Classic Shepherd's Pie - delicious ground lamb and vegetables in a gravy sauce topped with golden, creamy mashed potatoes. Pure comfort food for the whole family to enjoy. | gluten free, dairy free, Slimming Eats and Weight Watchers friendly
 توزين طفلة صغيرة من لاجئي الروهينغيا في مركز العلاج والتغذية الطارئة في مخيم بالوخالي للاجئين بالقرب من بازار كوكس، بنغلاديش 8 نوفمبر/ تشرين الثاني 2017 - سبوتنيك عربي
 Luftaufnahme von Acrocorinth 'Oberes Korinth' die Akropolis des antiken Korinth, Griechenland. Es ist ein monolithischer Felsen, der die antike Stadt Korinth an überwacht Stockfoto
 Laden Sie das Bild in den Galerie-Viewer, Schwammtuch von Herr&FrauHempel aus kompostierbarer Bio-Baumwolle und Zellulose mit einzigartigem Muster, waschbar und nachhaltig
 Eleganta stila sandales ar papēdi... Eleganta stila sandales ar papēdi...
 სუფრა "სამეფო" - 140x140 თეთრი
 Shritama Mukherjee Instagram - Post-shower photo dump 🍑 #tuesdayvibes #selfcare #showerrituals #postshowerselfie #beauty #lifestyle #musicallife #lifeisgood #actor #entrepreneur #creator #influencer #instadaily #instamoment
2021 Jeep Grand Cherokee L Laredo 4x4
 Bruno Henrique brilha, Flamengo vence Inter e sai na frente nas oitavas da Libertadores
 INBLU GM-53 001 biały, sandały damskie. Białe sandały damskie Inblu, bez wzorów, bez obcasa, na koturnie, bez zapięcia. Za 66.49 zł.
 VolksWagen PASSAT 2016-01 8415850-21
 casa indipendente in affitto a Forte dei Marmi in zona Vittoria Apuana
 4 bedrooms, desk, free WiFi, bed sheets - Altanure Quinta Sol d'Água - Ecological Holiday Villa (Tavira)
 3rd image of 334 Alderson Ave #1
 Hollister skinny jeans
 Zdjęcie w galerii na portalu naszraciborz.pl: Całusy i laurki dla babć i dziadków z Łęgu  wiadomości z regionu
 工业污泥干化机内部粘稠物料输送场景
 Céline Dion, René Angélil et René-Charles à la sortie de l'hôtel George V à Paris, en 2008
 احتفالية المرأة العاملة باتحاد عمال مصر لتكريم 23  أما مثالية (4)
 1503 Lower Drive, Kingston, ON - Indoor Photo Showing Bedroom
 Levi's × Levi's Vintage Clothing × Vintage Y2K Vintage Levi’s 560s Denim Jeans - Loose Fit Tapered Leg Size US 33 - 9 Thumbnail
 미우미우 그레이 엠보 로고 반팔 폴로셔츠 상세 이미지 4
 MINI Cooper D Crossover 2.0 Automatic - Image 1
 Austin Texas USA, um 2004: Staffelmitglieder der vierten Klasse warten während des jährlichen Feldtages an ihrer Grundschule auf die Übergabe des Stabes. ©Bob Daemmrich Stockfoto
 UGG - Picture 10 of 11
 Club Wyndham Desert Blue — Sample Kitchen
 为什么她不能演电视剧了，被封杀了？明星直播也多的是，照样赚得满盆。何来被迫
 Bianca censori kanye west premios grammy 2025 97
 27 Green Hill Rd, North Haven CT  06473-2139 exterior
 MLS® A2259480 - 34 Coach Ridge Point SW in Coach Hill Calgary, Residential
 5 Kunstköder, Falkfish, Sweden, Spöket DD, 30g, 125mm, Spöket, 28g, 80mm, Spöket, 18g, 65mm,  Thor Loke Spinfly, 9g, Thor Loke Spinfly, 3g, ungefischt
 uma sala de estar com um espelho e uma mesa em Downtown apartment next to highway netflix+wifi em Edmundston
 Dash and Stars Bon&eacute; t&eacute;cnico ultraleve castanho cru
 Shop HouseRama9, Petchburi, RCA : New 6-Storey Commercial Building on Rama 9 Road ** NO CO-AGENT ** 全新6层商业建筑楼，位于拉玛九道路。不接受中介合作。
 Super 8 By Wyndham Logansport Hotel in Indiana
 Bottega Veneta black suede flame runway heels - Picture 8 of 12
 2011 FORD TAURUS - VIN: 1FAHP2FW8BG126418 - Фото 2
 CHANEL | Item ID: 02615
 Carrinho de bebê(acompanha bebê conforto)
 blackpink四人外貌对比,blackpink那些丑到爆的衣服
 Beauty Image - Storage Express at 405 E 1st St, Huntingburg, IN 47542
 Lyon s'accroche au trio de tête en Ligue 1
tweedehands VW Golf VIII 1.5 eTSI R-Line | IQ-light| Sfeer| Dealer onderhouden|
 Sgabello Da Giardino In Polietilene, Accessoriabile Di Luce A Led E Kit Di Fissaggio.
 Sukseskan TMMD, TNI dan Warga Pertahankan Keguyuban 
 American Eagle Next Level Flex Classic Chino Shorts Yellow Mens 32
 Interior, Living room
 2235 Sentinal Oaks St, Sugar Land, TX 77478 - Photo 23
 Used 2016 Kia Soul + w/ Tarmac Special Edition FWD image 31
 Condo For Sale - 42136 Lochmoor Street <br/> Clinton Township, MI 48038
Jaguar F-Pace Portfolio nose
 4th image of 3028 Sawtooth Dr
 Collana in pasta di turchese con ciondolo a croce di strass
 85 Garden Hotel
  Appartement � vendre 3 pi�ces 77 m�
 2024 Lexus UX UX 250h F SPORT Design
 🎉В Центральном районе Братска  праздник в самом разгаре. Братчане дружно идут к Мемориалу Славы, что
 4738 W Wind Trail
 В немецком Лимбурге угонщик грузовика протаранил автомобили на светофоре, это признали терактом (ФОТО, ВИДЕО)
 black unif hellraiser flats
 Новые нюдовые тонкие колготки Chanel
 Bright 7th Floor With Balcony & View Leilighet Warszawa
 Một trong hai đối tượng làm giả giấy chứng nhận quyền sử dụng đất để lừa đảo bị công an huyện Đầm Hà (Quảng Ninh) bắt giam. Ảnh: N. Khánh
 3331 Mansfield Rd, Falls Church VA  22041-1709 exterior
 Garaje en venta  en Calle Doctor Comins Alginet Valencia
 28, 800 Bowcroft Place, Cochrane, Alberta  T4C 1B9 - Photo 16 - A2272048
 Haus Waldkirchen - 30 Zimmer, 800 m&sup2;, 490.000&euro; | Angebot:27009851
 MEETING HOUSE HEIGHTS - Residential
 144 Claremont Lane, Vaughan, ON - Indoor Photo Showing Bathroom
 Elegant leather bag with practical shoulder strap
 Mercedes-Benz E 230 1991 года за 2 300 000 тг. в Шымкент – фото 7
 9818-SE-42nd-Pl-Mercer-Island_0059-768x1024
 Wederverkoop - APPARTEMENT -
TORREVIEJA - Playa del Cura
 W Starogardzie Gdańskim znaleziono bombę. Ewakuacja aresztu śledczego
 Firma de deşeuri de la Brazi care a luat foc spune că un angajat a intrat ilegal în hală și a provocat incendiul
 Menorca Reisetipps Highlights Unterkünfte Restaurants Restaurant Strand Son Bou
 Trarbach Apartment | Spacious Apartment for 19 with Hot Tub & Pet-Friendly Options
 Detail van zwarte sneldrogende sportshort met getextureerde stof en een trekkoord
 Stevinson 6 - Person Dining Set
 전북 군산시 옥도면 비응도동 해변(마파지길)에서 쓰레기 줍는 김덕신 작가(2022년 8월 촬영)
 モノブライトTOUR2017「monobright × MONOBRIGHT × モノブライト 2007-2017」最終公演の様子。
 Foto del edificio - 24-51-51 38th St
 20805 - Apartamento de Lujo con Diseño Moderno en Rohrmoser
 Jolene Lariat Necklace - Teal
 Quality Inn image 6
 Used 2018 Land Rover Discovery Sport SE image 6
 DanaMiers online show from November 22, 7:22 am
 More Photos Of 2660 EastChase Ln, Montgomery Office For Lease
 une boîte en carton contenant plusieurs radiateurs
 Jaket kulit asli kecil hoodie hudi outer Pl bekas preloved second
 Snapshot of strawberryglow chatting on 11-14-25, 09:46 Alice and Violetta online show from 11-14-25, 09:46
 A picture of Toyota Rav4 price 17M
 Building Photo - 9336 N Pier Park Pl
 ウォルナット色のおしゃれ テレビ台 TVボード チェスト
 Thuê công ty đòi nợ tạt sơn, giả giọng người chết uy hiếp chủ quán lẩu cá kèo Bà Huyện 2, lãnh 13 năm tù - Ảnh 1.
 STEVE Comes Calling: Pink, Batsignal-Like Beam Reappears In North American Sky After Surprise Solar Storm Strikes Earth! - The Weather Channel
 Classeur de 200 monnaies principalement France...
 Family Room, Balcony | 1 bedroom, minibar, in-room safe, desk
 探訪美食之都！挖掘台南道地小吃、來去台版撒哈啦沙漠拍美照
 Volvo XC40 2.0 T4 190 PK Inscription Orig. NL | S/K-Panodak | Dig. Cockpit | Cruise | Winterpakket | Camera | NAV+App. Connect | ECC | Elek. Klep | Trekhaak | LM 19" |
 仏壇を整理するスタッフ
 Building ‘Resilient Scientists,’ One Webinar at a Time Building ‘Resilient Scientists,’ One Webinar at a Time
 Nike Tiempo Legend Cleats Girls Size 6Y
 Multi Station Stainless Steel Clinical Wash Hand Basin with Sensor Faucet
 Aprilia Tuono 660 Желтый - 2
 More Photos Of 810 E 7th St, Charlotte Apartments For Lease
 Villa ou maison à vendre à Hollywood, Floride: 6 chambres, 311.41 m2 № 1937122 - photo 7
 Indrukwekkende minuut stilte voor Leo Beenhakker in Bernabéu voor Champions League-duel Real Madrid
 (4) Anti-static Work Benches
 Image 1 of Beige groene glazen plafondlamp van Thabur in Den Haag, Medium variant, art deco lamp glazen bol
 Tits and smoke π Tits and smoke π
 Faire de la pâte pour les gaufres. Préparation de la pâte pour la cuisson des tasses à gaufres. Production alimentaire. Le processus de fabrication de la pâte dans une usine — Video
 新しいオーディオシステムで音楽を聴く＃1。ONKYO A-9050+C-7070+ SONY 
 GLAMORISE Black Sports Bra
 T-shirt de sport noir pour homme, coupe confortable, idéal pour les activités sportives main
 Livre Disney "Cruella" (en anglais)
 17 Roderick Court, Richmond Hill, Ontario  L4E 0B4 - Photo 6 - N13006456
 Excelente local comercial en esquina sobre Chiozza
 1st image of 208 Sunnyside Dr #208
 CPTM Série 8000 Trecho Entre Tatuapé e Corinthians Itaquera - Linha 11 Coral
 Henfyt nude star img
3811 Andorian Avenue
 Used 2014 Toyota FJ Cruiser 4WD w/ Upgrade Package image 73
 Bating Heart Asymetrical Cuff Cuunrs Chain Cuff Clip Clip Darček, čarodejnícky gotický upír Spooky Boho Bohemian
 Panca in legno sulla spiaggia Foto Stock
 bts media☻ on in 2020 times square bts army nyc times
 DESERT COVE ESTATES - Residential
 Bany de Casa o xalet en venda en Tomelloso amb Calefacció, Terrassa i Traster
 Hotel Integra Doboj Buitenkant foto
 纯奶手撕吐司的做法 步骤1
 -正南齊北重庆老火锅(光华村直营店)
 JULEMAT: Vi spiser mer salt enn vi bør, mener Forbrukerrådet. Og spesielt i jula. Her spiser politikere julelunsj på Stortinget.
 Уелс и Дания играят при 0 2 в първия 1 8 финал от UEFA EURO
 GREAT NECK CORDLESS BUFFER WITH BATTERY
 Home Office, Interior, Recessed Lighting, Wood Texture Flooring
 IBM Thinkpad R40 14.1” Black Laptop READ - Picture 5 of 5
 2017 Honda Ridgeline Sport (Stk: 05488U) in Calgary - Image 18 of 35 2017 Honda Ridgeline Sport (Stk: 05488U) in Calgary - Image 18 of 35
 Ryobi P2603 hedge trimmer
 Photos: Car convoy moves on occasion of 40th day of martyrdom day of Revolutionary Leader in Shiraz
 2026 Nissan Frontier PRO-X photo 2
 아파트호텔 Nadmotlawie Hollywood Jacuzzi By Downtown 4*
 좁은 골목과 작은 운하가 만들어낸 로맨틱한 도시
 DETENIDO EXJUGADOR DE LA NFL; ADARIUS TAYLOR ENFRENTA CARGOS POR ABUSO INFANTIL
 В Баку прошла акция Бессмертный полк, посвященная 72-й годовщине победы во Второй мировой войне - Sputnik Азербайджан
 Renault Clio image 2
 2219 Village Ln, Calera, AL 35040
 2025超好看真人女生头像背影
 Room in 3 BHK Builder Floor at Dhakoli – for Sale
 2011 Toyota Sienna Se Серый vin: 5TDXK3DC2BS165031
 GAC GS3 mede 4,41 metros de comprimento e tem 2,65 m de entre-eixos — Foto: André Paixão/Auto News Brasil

(Directions for this task): Will you return exactly the lines above from the one with "More Photos Of 2660" down to the one with "ウォルナット色のおしゃれ テレビ台 TVボード チェスト", counting both as part of the range?

(Written response):
 More Photos Of 2660 EastChase Ln, Montgomery Office For Lease
 une boîte en carton contenant plusieurs radiateurs
 Jaket kulit asli kecil hoodie hudi outer Pl bekas preloved second
 Snapshot of strawberryglow chatting on 11-14-25, 09:46 Alice and Violetta online show from 11-14-25, 09:46
 A picture of Toyota Rav4 price 17M
 Building Photo - 9336 N Pier Park Pl
 ウォルナット色のおしゃれ テレビ台 TVボード チェスト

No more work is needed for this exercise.